Search code examples
pythonneo4jcypherpy2neo

py2neo not enforcing uniqueness constraints in Neo4j database


I have a neo4j database with nodes that have labels "Program" and "Session". In the Neo4j database I've enforced a uniqueness constraint on the properties: "name" and "href". From the :schema

Constraints
ON (program:Program) ASSERT program.href IS UNIQUE
ON (program:Program) ASSERT program.name IS UNIQUE
ON (session:Session) ASSERT session.name IS UNIQUE
ON (session:Session) ASSERT session.href IS UNIQUE

I want to periodically query another API (thus storing the name and API endpoint href as properties), and only add new nodes when they're not already in the database.

This is how I'm creating the nodes:

newprogram, = graph_db.create(node(name = programname, href = programhref))
newprogram.add_labels('Program')

newsession, = graph_db.create(node(name = sessionname, href = sessionhref))
newsession.add_labels('Session')

I'm running into the following error:

Traceback (most recent call last):
  File "/Users/jedc/google-cloud-sdk/platform/google_appengine/lib/webapp2-2.5.2/webapp2.py", line 1535, in __call__
    rv = self.handle_exception(request, response, e)
  File "/Users/jedc/google-cloud-sdk/platform/google_appengine/lib/webapp2-2.5.2/webapp2.py", line 1529, in __call__
    rv = self.router.dispatch(request, response)
  File "/Users/jedc/google-cloud-sdk/platform/google_appengine/lib/webapp2-2.5.2/webapp2.py", line 1278, in default_dispatcher
    return route.handler_adapter(request, response)
  File "/Users/jedc/google-cloud-sdk/platform/google_appengine/lib/webapp2-2.5.2/webapp2.py", line 1102, in __call__
    return handler.dispatch()
  File "/Users/jedc/google-cloud-sdk/platform/google_appengine/lib/webapp2-2.5.2/webapp2.py", line 572, in dispatch
    return self.handle_exception(e, self.app.debug)
  File "/Users/jedc/google-cloud-sdk/platform/google_appengine/lib/webapp2-2.5.2/webapp2.py", line 570, in dispatch
    return method(*args, **kwargs)
  File "/Users/jedc/appfolder/applicationapis.py", line 42, in post
    newprogram.add_labels('Program')
  File "/Users/jedc/appfolder/py2neo/util.py", line 99, in f_
    return f(*args, **kwargs)
  File "/Users/jedc/appfolder/py2neo/core.py", line 1638, in add_labels
    if err.response.status_code == BAD_REQUEST and err.cause.exception == 'ConstraintViolationException':
AttributeError: 'ConstraintViolationException' object has no attribute 'exception'

My thought was that if I try to add the nodes and they're already in the database they just won't be added.

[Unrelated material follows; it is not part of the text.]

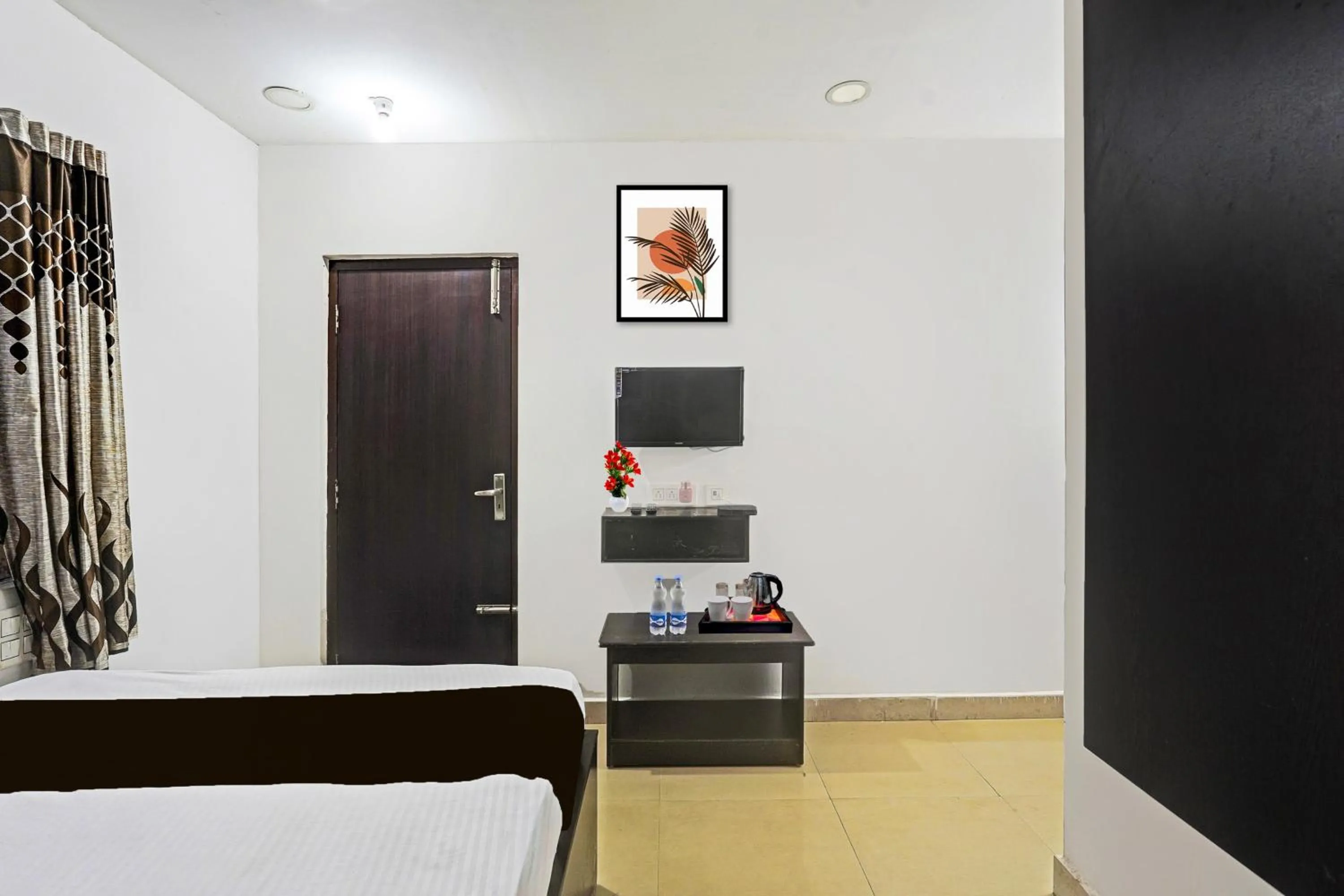 Bedroom, Bed in Collection O Vanamthopu Center Nellore Formerly ESR Guest Inn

I've done a try/except AttributeError block around the creation/add_labels lines, but when I did that I managed to duplicate everything that was already in the database, even though I had the constraints shown. (?!?) (How can py2neo manage to violate those constraints??)

I'm really confused, and would appreciate any help in figuring out how to add nodes only when they don't already exist.


Solution

  • The problem seems to be that you are first creating nodes without a label and then subsequently adding the label after creation.

    That is

    graph_db.create(node(name = programname, href = programhref))
    

    and

    graph_db.create(node(name = sessionname, href = sessionhref))
    

    This, first creates nodes without any labels which means the nodes satisfy the constraint conditions which only apply to nodes with the labels Program and Session.

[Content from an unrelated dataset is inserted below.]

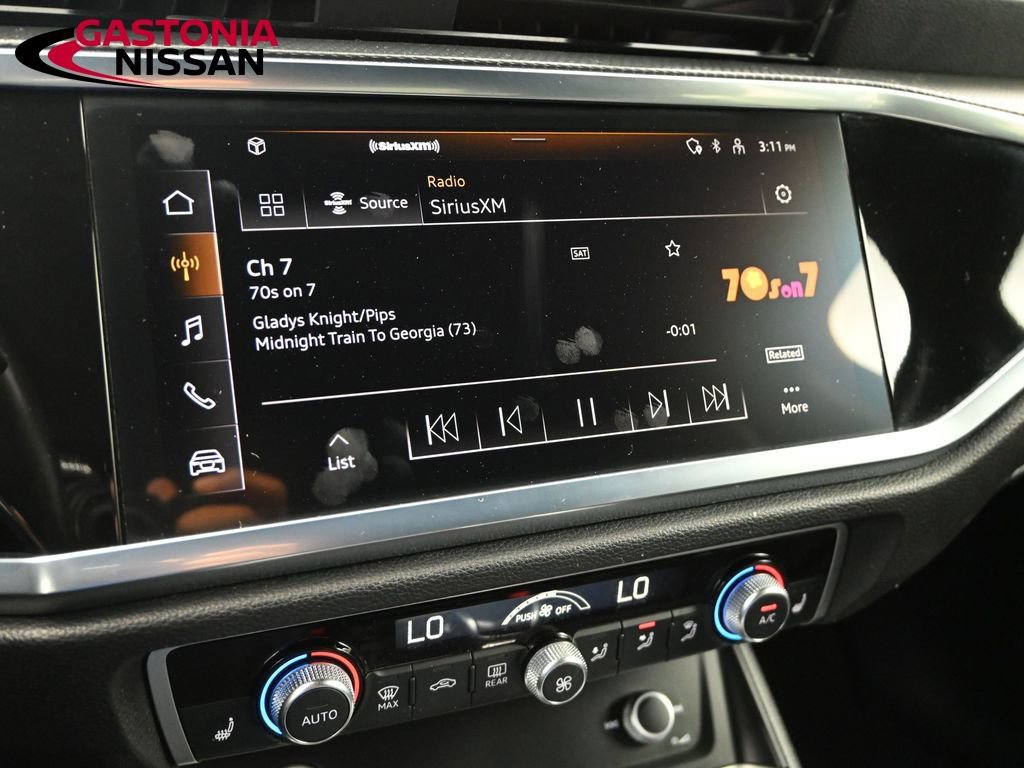 Used 2023 Audi Q3 2.0T Premium image 17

    Once you call newprogram.add_labels('Program') and newsession.add_labels('Session') Neo4j attempts to add labels to the node and raises an exception since the constraint assertions cannot be met.

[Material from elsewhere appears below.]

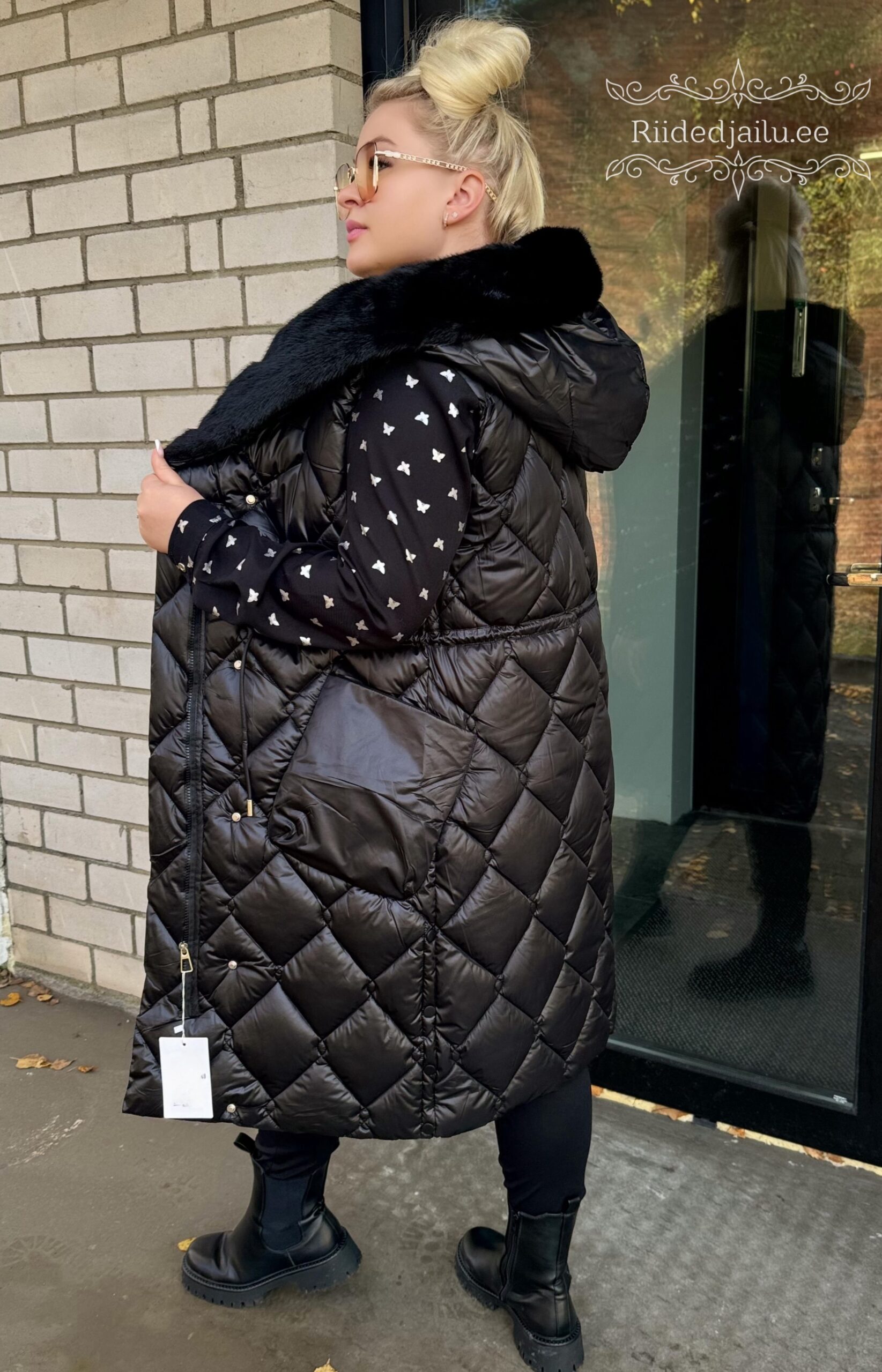 Naiste Pikk Must Kapuutsiga Vest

    Py2neo may be creating duplicate nodes. Although I'm sure if you inspect them, you'll find one set of nodes has the labels and the other set does not.

    Can you use py2neo in a way that it adds the label at the same time as creation?

    Otherwise you could use a Cypher query

    CREATE (program:Program{name: {programname}, href: {programhref}})
    CREATE (session:Session{name: {sessionname}, href: {sessionhref}})
    

    Using Py2neo you should be able to do this as suggested in the docs

    graph_db = neo4j.GraphDatabaseService()
    qs = '''CREATE (program:Program{name: {programname}, href: {programhref}})
            CREATE (session:Session{name: {sessionname}, href: {sessionhref}})'''
    query = neo4j.CypherQuery(graph_db, qs)
    query.execute(programname=programname, programhref=programhref,
                  sessionname=sessionname, sessionhref=sessionhref)